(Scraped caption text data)
######
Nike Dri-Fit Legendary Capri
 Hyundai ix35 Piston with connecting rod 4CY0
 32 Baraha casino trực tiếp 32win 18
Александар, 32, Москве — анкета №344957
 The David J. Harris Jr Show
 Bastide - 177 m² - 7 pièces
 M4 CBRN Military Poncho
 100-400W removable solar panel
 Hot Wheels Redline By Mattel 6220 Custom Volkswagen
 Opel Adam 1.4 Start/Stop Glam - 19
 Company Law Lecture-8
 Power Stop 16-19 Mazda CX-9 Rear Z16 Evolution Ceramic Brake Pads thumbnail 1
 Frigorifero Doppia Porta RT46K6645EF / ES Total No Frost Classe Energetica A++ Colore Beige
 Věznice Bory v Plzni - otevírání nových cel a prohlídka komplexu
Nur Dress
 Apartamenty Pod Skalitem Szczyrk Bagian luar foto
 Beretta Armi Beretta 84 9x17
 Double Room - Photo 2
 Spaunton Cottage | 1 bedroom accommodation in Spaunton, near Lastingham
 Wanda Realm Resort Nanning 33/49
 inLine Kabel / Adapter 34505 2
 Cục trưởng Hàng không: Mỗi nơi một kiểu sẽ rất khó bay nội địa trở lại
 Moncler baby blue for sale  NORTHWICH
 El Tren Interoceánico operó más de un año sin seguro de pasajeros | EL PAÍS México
######
- TASK OBJECTIVE
Repeat exactly, please, each line from the beginning of the data through the line with "Company Law Lecture-8" in it, and only those lines.

- SOLVED EXERCISE
Nike Dri-Fit Legendary Capri
 Hyundai ix35 Piston with connecting rod 4CY0
 32 Baraha casino trực tiếp 32win 18
Александар, 32, Москве — анкета №344957
 The David J. Harris Jr Show
 Bastide - 177 m² - 7 pièces
 M4 CBRN Military Poncho
 100-400W removable solar panel
 Hot Wheels Redline By Mattel 6220 Custom Volkswagen
 Opel Adam 1.4 Start/Stop Glam - 19
 Company Law Lecture-8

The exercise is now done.